Boughedir is well-known on the festival circuit, having traveled to various first- and second-tier festivals and given countless useful interviews about the state of cinema in the Arab world for the last thirty years. He is particularly knowledgeable about the complicated dynamics between governments, filmmakers and cinema itself, a calculus that’s beset by the tug-of-war between government officials, the need for artistic expression and the realities of film financing.

HALFAOUINE and A SUMMER IN LA GOULETTE are distributed by Kino Lorber. The former got a limited run in the nineties. Film was distributed by International Film Circuit then, who flipped it to Kino which later merged with Lorber. Both films are available from their catalog in 35 mm. or DVD.

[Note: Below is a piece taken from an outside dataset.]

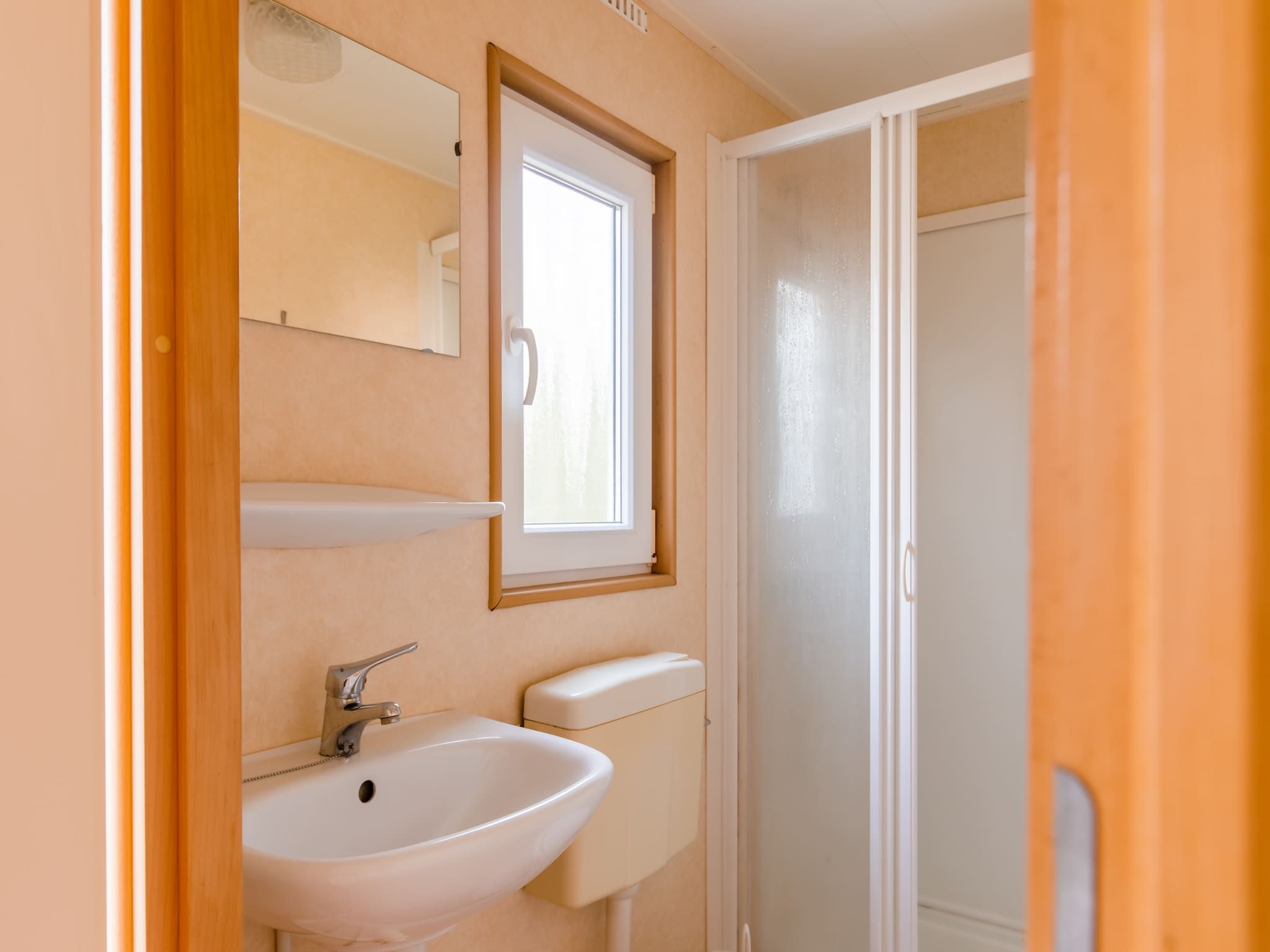 De badkamer van Vakantiepark Leukermeer 1 in Well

To sum it up, trying to get funding from one’s government in countries from that region is like getting blood from a stone. One of the positive consequences of the Arab Spring is that Tunisian filmmakers, prone to self-censorship beforehand, are now able to tell the stories they want to tell in the way they want to tell them.

The full version of HALFAOUINE CHILD OF THE TERRACES (with English subtitles) is available here

Although Boughedir is getting up there in age (he was born in 1944) he represents an Arabic cinema that’s vital, poetic and lusts for life. Boughedir’s eloquent pleas for a cinema that must be allowed to thrive (see the interviews he’s given, and you’ll know what I mean) make him our noble filmmaker.

SCENT OF SPRING will be rolled out in European theaters in early April. No U.S. distribution planned as of this writing.